Nuharoo me interrumpió.
– ¡Oh, Yehonala, no me hagas pasar por esta tortura, no quiero saberlo!
Me senté a su lado en una silla y tomé el té que An-te-hai me había pasado.
– Bien. -Nuharoo recuperó la compostura-. Soy la emperatriz y necesito saberlo, ¿verdad? Muy bien, dime lo que tengas que decirme, pero pónmelo fácil.
Intenté pacientemente instruir a Nuharoo en el tema. Por supuesto, ella no podía evitar saber algo ya, que los Taiping eran campesinos rebeldes, que habían adoptado el cristianismo y que su jefe, Hong Shiu-cuan, pretendía ser el hijo menor de Dios, el hermano de Jesús.
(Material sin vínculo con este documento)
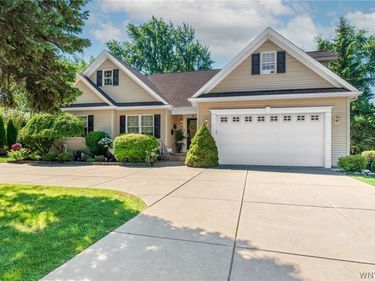 1189 Maple Road, Williamsville, NY 14221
Pero Nuharoo sabía poco del éxito de la batalla. Aunque Hsien Feng no reconocía públicamente la situación, los Taiping habían tomado el sur, la región campesina del país, y habían empezado a presionar hacia el norte.
– ¿Qué quieren estos Taiping? -dijo Nuharoo parpadeando.
– Derrocar nuestra dinastía.
– ¡Eso es impensable!
– Tan impensable como los tratados que los extranjeros nos han impuesto por la fuerza.
La expresión de Nuharoo me recordó la de un niño que acaba de descubrir una rata en una caja de caramelos.
– Los extranjeros nos «civilizarán» a través de la libertad de comercio y el cristianismo.
– ¡Qué insulto! -se burló Nuharoo.
– No puedo estar más de acuerdo. Los extranjeros dicen que están aquí para salvar las almas de los chinos.
– ¡Pero su conducta habla por sí misma!